→ **Task brief**: Up to and including the line that holds "Your Girlfriend Was", print the data exactly from its first line; do not print the pictures.

(Pictures with short captions)

= = = = = = =

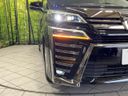 2018 Toyota Vellfire DBA-AGH35W (UW-6a6abf2a8701e)[23]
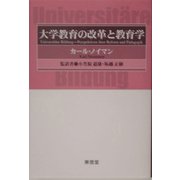 大学教育の改革と教育学 [単行本]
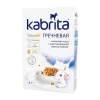 Каша Kabrita Гречневая на козьем молоке, с 4 месяцев, 180 г (8716677006345). Каша Kabrita Гречневая на козьем молоке, с 4 месяцев, 180 г (8716677006345).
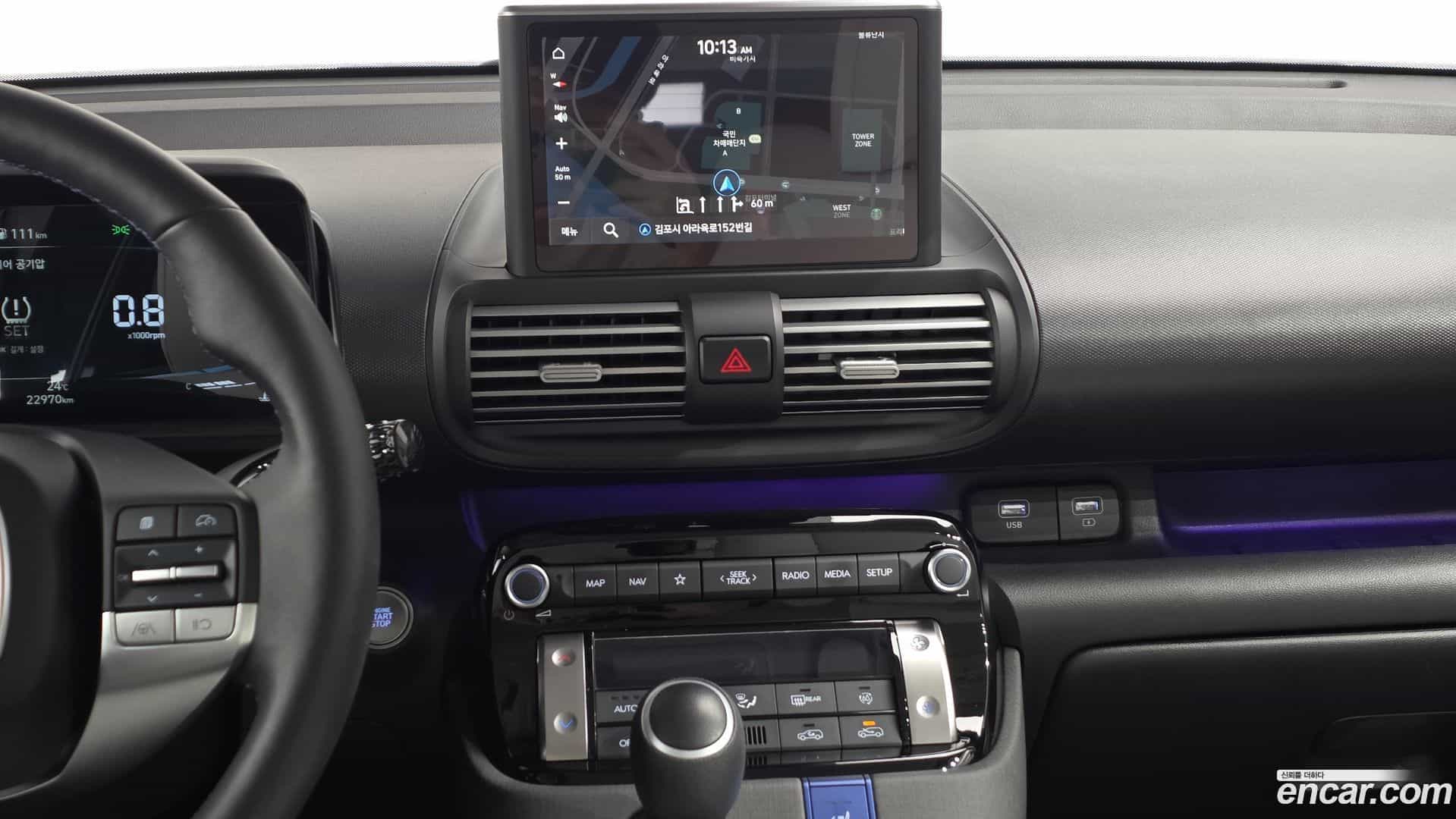 Casper Hyundai 2023.8-OPTION-044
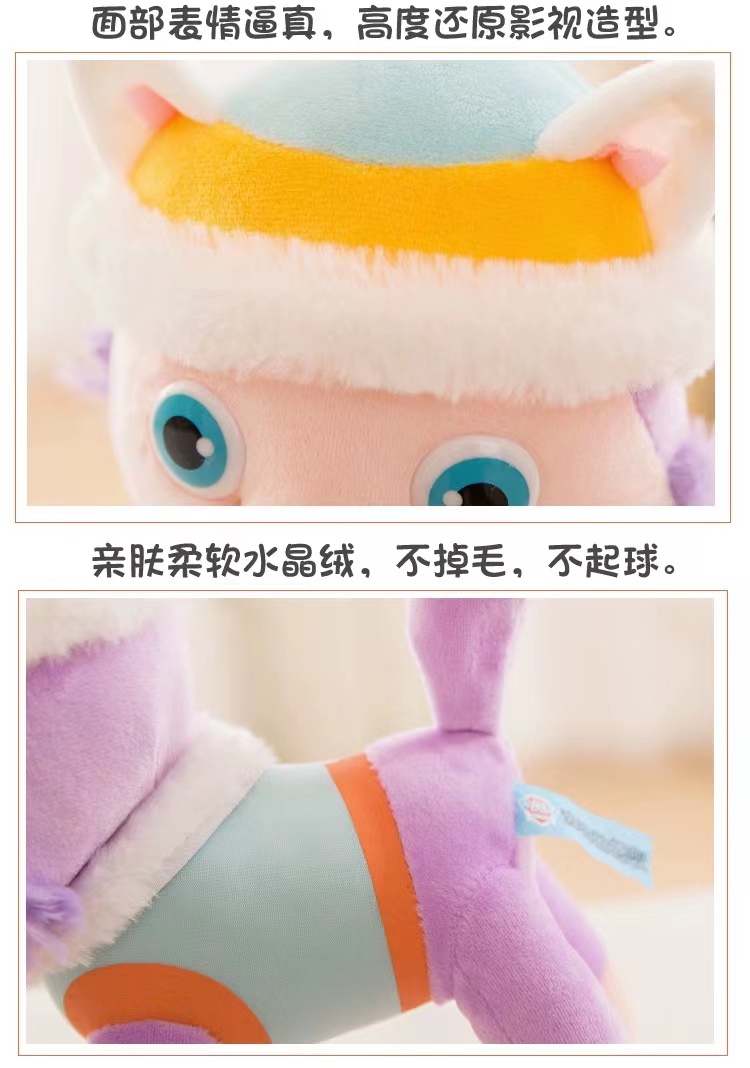 秀绒玩具汪汪队毛绒玩具狗狗巡逻队全套公仔小狗可爱阿奇布娃娃男女儿童礼品玩具详情17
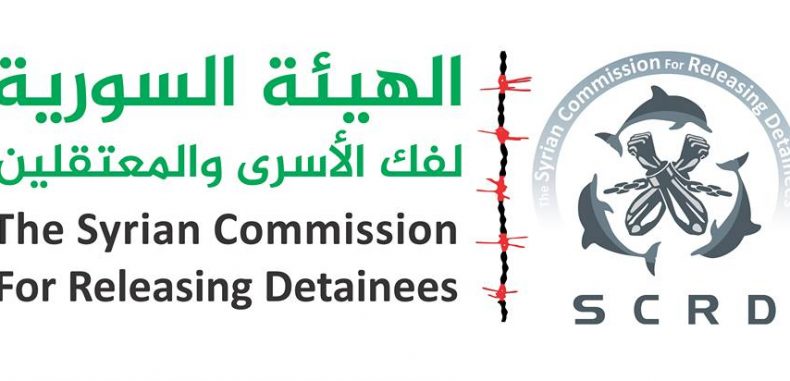 تقرير الرصد الحقوقي للهيئة السورية لفك الأسرى و المعتقلين اليوم الإثنين الموافق 2/10/2017 و المعني برصد أحوال المعتقلين في سورية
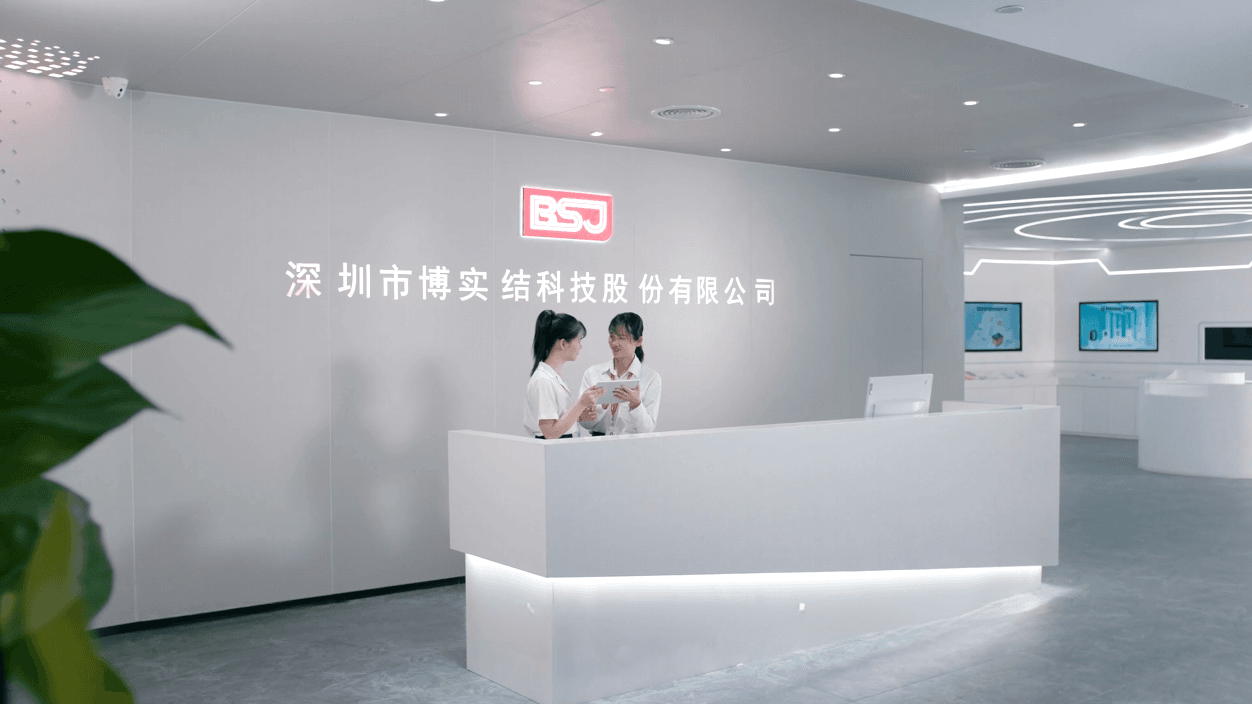 BSJ Technology - Headquater Office- Stock Code.png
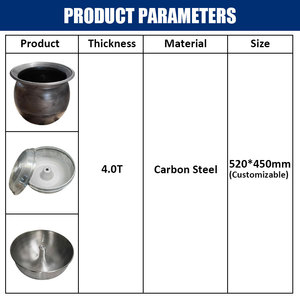 定制冲压成型碳钢深拉件金属旋压加工服务 0.1m 表面处理 520x450mm - Product Image 4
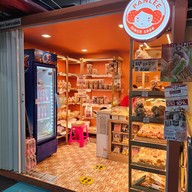 หน้าร้าน ปั้นลี่ ร.พ. เลิดสิน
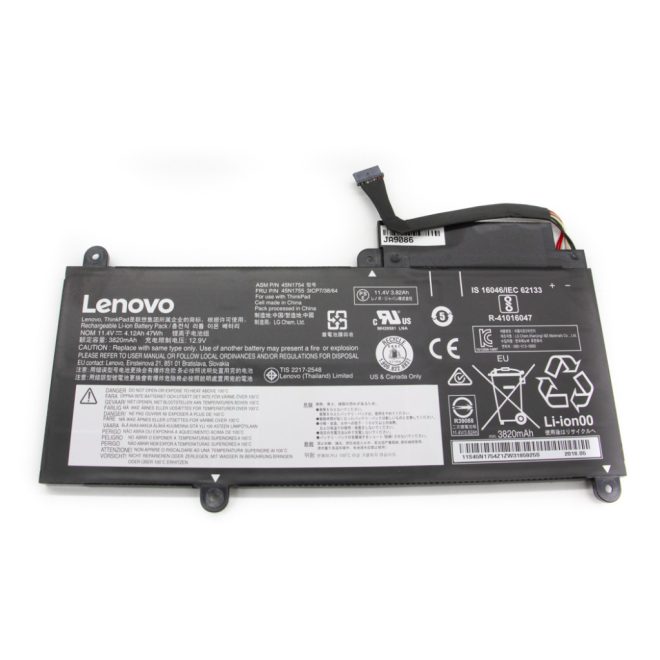 Lenovo ThinkPad Edge E450C Laptop akkumulátor, gyári új, 6 cellás (4120mAh)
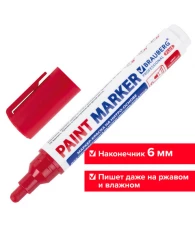 Маркер-краска лаковый (paint marker) 6 мм, КРАСНЫЙ, НИТРО-ОСНОВА, BRAUBERG PROFESSIONAL PLUS EXTRA,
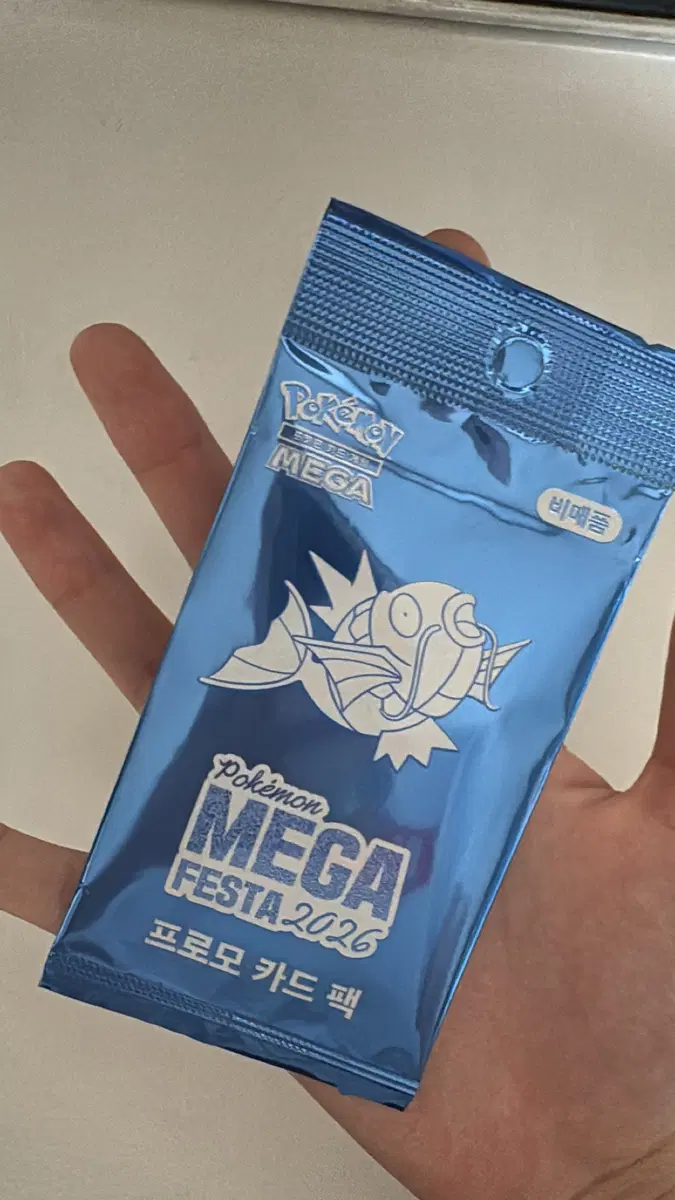 잉어킹 프로모 카드 팩 1개 판매
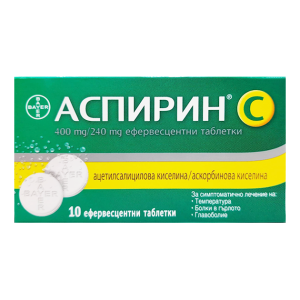 Аптечка Аспирин С таблетки 400 мг 10 шт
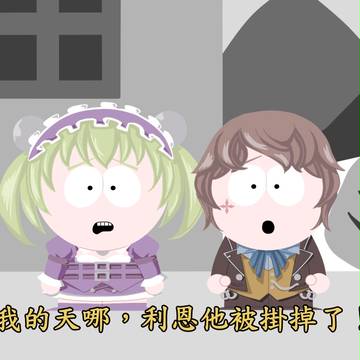 關於丘丘王卡的……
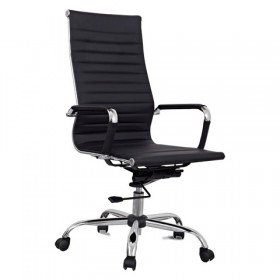 Кресло офисное BRABIX Energy EX-509 (черный) в Боготоле - bogotol.katalogmebeli.com | фото 3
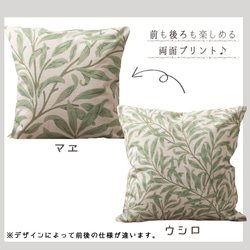 Jubilee リネンクッションカバー jubileecushionD-ME005 4枚目の画像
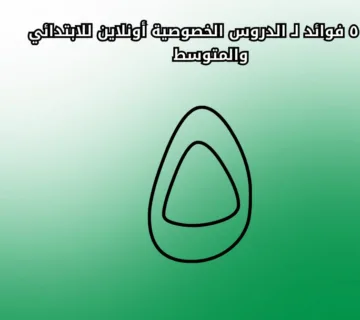 5 فوائد ل الدروس الخصوصية أونلاين للابتدائي والمتوسط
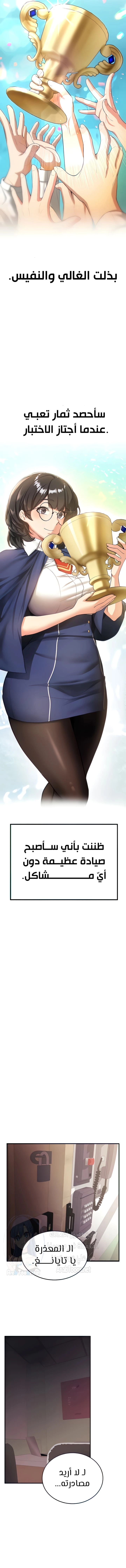 Your Girlfriend Was Amazing - 3 - 65938434e35ac.webp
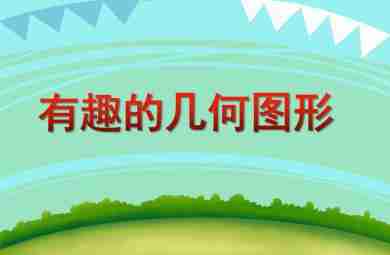 中班数学活动有趣的几何图形PPT课件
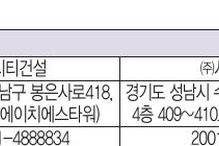 사업주체·시공회사 (입주자모집공고)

= = = = = = =

→ **The completed task**:
 2018 Toyota Vellfire DBA-AGH35W (UW-6a6abf2a8701e)[23]
 大学教育の改革と教育学 [単行本]
 Каша Kabrita Гречневая на козьем молоке, с 4 месяцев, 180 г (8716677006345). Каша Kabrita Гречневая на козьем молоке, с 4 месяцев, 180 г (8716677006345).
 Casper Hyundai 2023.8-OPTION-044
 秀绒玩具汪汪队毛绒玩具狗狗巡逻队全套公仔小狗可爱阿奇布娃娃男女儿童礼品玩具详情17
 تقرير الرصد الحقوقي للهيئة السورية لفك الأسرى و المعتقلين اليوم الإثنين الموافق 2/10/2017 و المعني برصد أحوال المعتقلين في سورية
 BSJ Technology - Headquater Office- Stock Code.png
 定制冲压成型碳钢深拉件金属旋压加工服务 0.1m 表面处理 520x450mm - Product Image 4
 หน้าร้าน ปั้นลี่ ร.พ. เลิดสิน
 Lenovo ThinkPad Edge E450C Laptop akkumulátor, gyári új, 6 cellás (4120mAh)
 Маркер-краска лаковый (paint marker) 6 мм, КРАСНЫЙ, НИТРО-ОСНОВА, BRAUBERG PROFESSIONAL PLUS EXTRA,
 잉어킹 프로모 카드 팩 1개 판매
 Аптечка Аспирин С таблетки 400 мг 10 шт
 關於丘丘王卡的……
 Кресло офисное BRABIX Energy EX-509 (черный) в Боготоле - bogotol.katalogmebeli.com | фото 3
 Jubilee リネンクッションカバー jubileecushionD-ME005 4枚目の画像
 5 فوائد ل الدروس الخصوصية أونلاين للابتدائي والمتوسط
 Your Girlfriend Was Amazing - 3 - 65938434e35ac.webp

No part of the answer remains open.